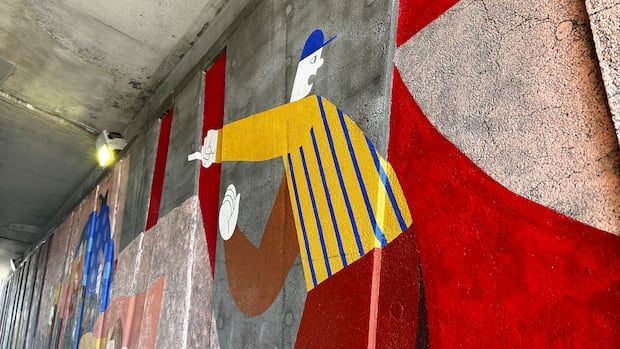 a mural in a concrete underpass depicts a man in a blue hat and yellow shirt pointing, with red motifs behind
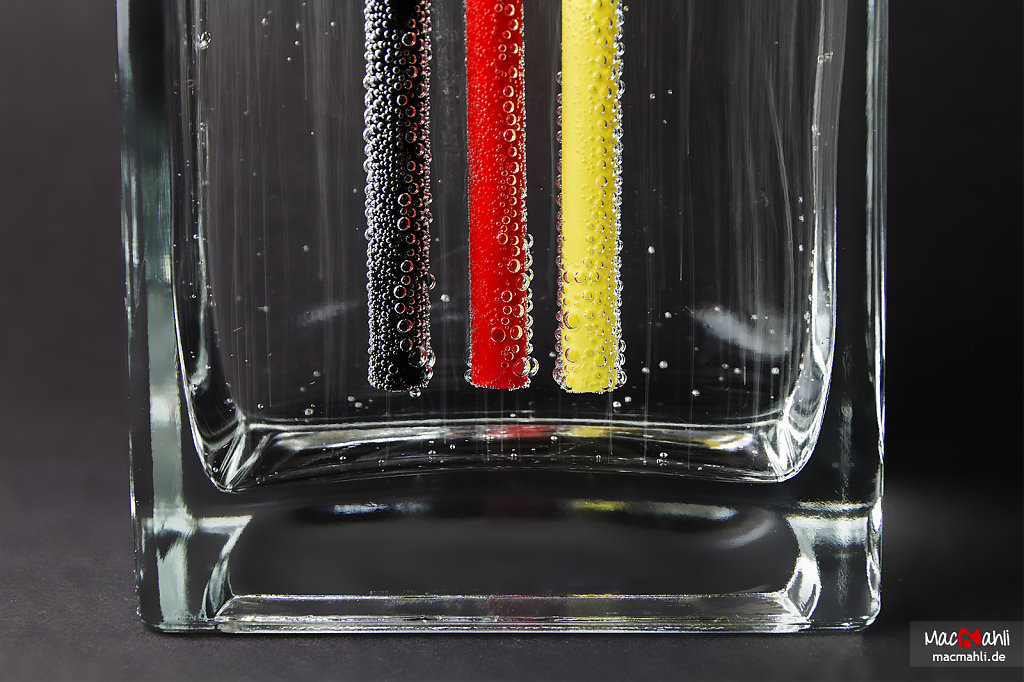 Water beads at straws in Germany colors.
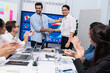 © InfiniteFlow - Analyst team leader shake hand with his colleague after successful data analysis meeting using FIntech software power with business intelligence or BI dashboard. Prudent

- - -

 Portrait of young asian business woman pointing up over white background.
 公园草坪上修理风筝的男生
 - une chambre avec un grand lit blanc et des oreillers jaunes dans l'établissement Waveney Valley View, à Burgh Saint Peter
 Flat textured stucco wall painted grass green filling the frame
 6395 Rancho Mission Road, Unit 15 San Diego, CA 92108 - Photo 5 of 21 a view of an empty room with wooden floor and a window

- - -

**TASK**.
Exactly the lines above, from the one containing "a mural in a" down to the one containing "BI dashboard. Prudent", are to be repeated, including both ends. Pictures are not part of the copy.

**RESULT FOR THIS EXERCISE**.
 a mural in a concrete underpass depicts a man in a blue hat and yellow shirt pointing, with red motifs behind
 Water beads at straws in Germany colors.
 © InfiniteFlow - Analyst team leader shake hand with his colleague after successful data analysis meeting using FIntech software power with business intelligence or BI dashboard. Prudent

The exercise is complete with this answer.